11.18.2008

Angelic Incubus

Mornin'. (It's past 3am. I'm allowed to say that.)

I'm up essaying. I don't know why I always leave some essays to the last minute. It must be a right of passage in university. At least, that's what I'm telling myself.

I fell asleep earlier this afternoon and had a very vivid dream. Here's the gist of it:

The curtain parts and blinding lights flash, illuminating my entire body. As my eyes adjust, I see a stage, followed by thousands of people. My ears follow and the cheers are overwhelming. My eyes start to water, my smile widens, and I step further into the light. The band starts and I begin to sing, much better than I would have ever imagined, and the crowd is going crazy. The song finishes, I bow, extraordinarily happy, beaming actually. Now, skip ahead to after the show where my fans are waiting to get me to sign a copy of my first book. (If only I could have remembered the title, we'd be one step closer to this wonderful dream.) I sign quickly, smiling and thanking them, and eventually exit the building to enter a large sport utility vehicle, for whatever reason. I enter into the passenger seat as my adoring and gorgeous husband has come to pick me up. We exchange a kiss and he says "good show" to which I respond "thanks. The Sprout for dinner?" (The Sprout is a restaurant here in St. John's. Why on Earth we're still in St. John's is beyond me.) I smile again as we drive off, followed by something like a moose chasing us. It's a dream, what more do you want?

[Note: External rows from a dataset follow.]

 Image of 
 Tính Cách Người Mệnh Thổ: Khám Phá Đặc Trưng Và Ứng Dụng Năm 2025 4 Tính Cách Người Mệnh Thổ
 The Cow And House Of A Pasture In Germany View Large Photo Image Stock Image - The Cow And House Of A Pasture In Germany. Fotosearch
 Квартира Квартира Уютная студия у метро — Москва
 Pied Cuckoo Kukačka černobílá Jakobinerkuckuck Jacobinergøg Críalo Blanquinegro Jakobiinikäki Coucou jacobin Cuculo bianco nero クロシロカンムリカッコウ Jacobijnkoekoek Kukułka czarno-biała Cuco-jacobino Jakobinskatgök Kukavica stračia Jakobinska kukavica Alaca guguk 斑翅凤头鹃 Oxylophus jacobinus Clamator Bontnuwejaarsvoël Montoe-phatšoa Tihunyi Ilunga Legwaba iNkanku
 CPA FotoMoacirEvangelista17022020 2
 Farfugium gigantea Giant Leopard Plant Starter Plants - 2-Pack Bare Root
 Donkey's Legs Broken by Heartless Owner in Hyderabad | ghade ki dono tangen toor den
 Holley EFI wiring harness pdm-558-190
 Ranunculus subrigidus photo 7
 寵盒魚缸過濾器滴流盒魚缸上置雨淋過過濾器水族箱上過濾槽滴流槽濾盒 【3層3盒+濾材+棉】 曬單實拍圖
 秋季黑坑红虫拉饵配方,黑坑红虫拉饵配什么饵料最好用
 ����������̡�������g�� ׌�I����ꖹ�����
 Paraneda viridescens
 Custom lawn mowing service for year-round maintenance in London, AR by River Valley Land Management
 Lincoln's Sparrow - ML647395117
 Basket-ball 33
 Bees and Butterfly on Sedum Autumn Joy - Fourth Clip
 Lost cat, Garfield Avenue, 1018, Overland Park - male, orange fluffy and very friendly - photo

Anyway, I think the dream is using my overactive ambition and imagination to create this ideal scenario that I will never live up to. I have to focus on the now; keep my goals in mind, of course, but I'm having a problem lately with really looking at the whole picture as of today. Therefore, back to my essay.

(Damn, I wish I got that guy's number. If only he was driving an Aveo.)

--Jam

PS: Essaying is a word. Weird.
PPS: Wall-E comes out today! Oh. My. Jebus.
PPPS: Listen to "Run" by Leona Lewis. Here.
PPPPS: I realize an incubus is supposed to haunt women and I'm supposed to get a succubus. Somehow, the gay factor seems to make me think that I'd get an incubus. Well, let's hope at least.